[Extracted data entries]
——————

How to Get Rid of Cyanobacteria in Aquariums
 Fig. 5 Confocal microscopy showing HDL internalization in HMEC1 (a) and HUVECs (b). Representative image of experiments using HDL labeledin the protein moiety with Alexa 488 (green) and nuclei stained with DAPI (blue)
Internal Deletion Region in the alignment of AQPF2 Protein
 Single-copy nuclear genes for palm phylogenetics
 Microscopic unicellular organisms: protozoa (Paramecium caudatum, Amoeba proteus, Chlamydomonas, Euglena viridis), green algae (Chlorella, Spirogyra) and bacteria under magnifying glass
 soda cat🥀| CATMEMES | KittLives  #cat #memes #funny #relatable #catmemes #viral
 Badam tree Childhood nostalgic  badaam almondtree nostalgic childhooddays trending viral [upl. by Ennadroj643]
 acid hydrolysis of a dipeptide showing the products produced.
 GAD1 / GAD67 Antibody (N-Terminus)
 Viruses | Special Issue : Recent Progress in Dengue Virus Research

——————

__WHAT YOU ARE ASKED TO DO__
Every record shown above should be given back exactly.

__RESULT BELOW__
How to Get Rid of Cyanobacteria in Aquariums
 Fig. 5 Confocal microscopy showing HDL internalization in HMEC1 (a) and HUVECs (b). Representative image of experiments using HDL labeledin the protein moiety with Alexa 488 (green) and nuclei stained with DAPI (blue)
Internal Deletion Region in the alignment of AQPF2 Protein
 Single-copy nuclear genes for palm phylogenetics
 Microscopic unicellular organisms: protozoa (Paramecium caudatum, Amoeba proteus, Chlamydomonas, Euglena viridis), green algae (Chlorella, Spirogyra) and bacteria under magnifying glass
 soda cat🥀| CATMEMES | KittLives  #cat #memes #funny #relatable #catmemes #viral
 Badam tree Childhood nostalgic  badaam almondtree nostalgic childhooddays trending viral [upl. by Ennadroj643]
 acid hydrolysis of a dipeptide showing the products produced.
 GAD1 / GAD67 Antibody (N-Terminus)
 Viruses | Special Issue : Recent Progress in Dengue Virus Research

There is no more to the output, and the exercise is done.